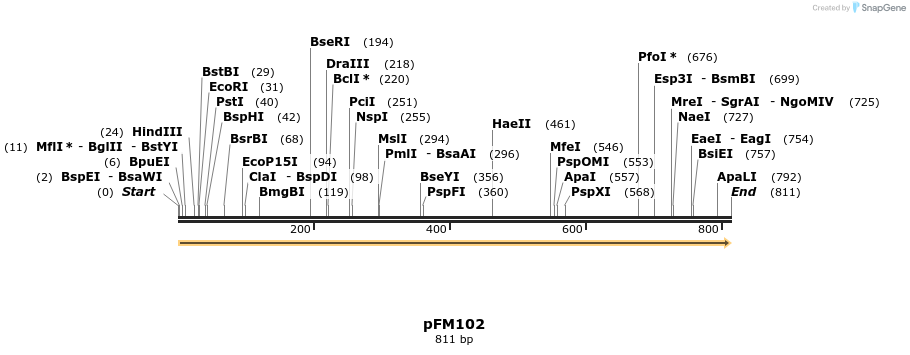 53887_map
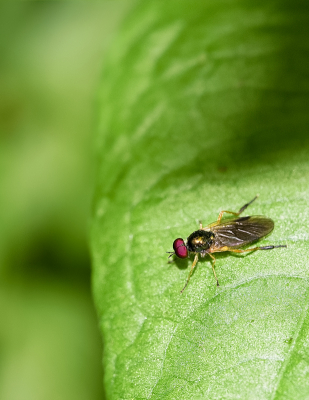 <i class='fa fa-user'></i>&nbsp;PascalK&nbsp;|  Grote Stekelwapenvlieg&nbsp; <i class='fa fa-eye'>&nbsp;62</i> &nbsp; <i class='fa fa-comment-o'>&nbsp;2</i>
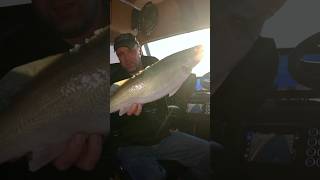 Absolute CHAOS Ice Fishing in the SnoBear!! #walleye #icefishing #walleyefishing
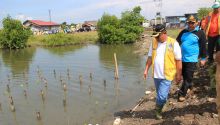 Wakil Wali Kota Ikut Tanam 3000 Batang Mangrove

★ ★ ★ ★ ★ ★ ★

Task instructions: Quote exactly the lines from the line that contains "Absolute CHAOS Ice" through the last line of the listing, please, leaving out all pictures.

Finished task:
 Absolute CHAOS Ice Fishing in the SnoBear!! #walleye #icefishing #walleyefishing
 Wakil Wali Kota Ikut Tanam 3000 Batang Mangrove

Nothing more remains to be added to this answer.